GR00T Whole-Body VLA Data: Do You Need Real Data?
Disclosure: This article may contain affiliate or referral links. If you buy or sign up through those links, VnRobo may earn a commission or service credit. The technical recommendations prioritize engineering fit first.
Part 1 used open datasets. Part 2 used simulation data. Part 3 answers the practical question: do you need real data?
Short answer:
- If you only want to learn the format, debug loaders, and run open-loop checks: no real data needed yet.
- If you target simulator demos or sim-to-sim tasks: sim + public data may be enough.
- If you want a real humanoid to run with real cameras, real latency, real contact, and real lighting: you almost certainly need real data or at least real calibration/evaluation data.

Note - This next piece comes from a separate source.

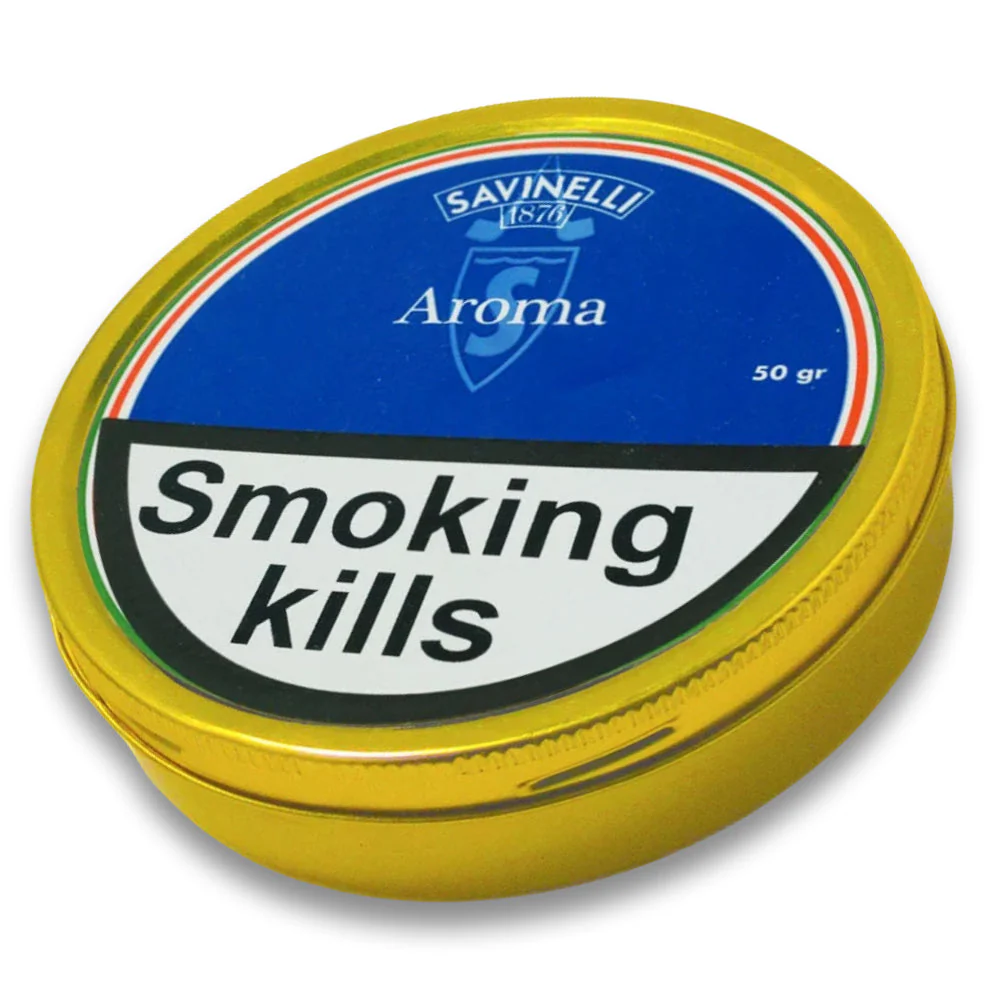 Savinelli Aroma Almond & Vanilla Pipe Tobacco 50g Tin BLUE LABEL | Buy ...
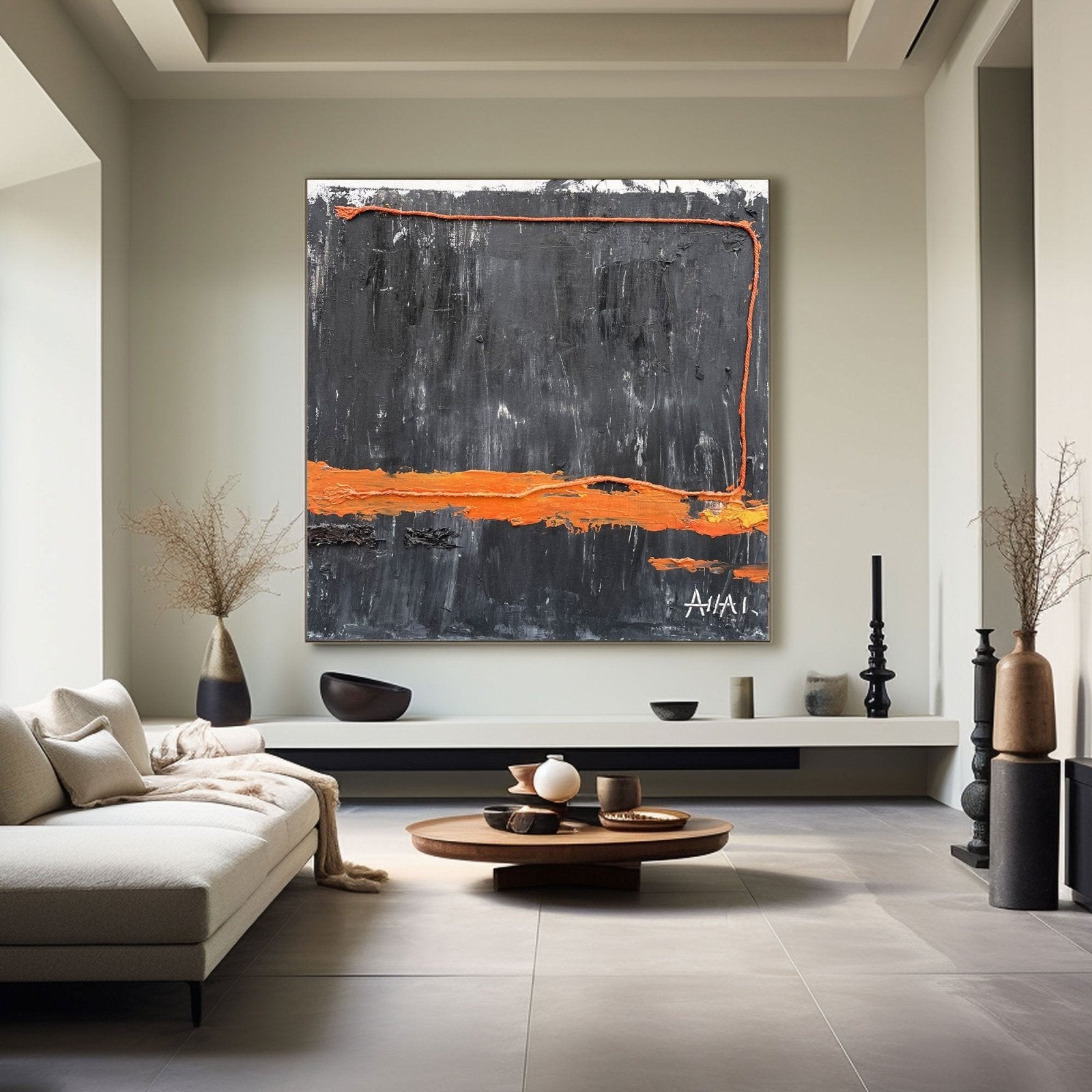 Abstract Painting "Odkrycie Granic” - nukeart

For Unitree G1 + GEAR-SONIC style whole-body VLA, the real-data workflow usually looks like:
VR teleop + SONIC deploy + camera server
-> data exporter
-> GR00T-LeRobot dataset
-> process / clean / merge
-> fine-tune Isaac-GR00T
-> PolicyServer
-> SONIC inference client + C++ deploy
3.1 When Is Real Data Needed?
Goal
Decide whether you should invest in real data collection now. Real data is expensive, risky, and slow, but skipping it for too long often creates a policy that only works in videos and simulators.
When Sim/Public Data Can Be Enough
You may not need real data yet if:
- You only want to validate GR00T-LeRobot format.
- You are writing a converter, loader, or training script.
- The task only runs in Isaac Lab / IsaacLab-Arena.
- The camera/object distribution is close to a public dataset.
- The controller/action space is still changing.
- The real robot does not yet have a safety rig, E-stop, current limits, and camera sync.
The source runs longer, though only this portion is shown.